EU member states failed to relax a travel ban on Iran's foreign minister in time for him to attend this weekend's Munich security conference, but plan further discussion on whether to let him visit the bloc in future, an EU official said today.
Foreign minister Ali Akbar Salehi, a conservative close to President Mahmoud Ahmadinejad, is on a list of Iranian officials barred from entering the European Union under sanctions imposed to curb Iran's nuclear programme.
Some EU members favour letting him travel to Europe for the sake of engaging with Iran in the long-running nuclear dispute. But the issue is sensitive for the Netherlands, which has frozen diplomatic contacts with Iran after the hanging of a Dutch-Iranian woman for drug smuggling.
An EU official had said that member states had agreed to let Mr Salehi visit the weekend conference in Munich, an annual set-piece attended by heads of government and ministers from many countries. Iran has attended in the past.
But the same official today said: "Munich wanted to invite him and there was a general agreement among (EU) member states to take him off the list, but that didn't happen.
"The plan is for EU ambassadors next week to discuss taking him off the list, because we need to be able to engage with him but it's unclear if the Dutch will agree to that."
Organisers of the Munich Security Conference confirmed that Mr Salehi would not attend the event, but declined further comment.

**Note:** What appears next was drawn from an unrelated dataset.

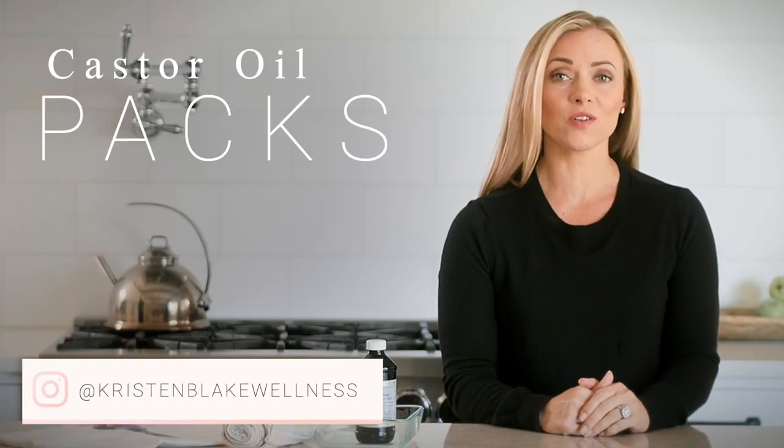Hello and welcome to my channel. In today's video I'm going to tell you everything you need to know about castor oil packs. Castor oil packs are one of the most versatile home remedies that you can have.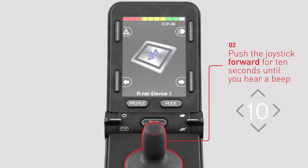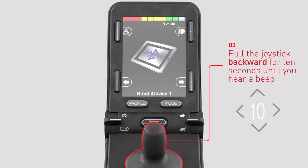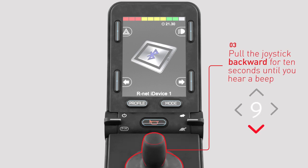To place R-Net in discoverable mode, push the joystick forwards for 10 seconds until a short beep is heard and then release. Then pull the joystick backwards for 10 seconds until a short beep is heard and then release.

UN security council diplomats in New York said it made sense to allow Mr Salehi to attend the three-day conference in the interest of continuing talks between Iran, the five permanent security council members and Germany on Iran's nuclear plans.
The United States and its allies suspect Iran of using a civilian nuclear programme as a cover to develop atomic weapons. Iran denies this and says it just wants power stations to generate electricity.
British foreign secretary William Hague told the conference he was worried about a growing threat from cyber espionage and cyber crime. He has offered to host an international conference to tackle such issues.
He also cited how the Egyptian government had tried to shut down the Internet, mobile phone networks and broadcasters during mass protests against the rule of president Hosni Mubarak.
He said cyber security was on the agenda of some 30 international organisations, but the debate lacked focus. "We believe there is a need for a more comprehensive, structured dialogue to begin to build consensus among like-minded countries and to lay the basis for agreement on a set of standards on how countries should act in cyberspace," he said.
Britain's coalition government has produced a new national security strategy which ranks cyber attack and cyber crime as a high priority risk. It is spending £650 million on a national cyber security programme.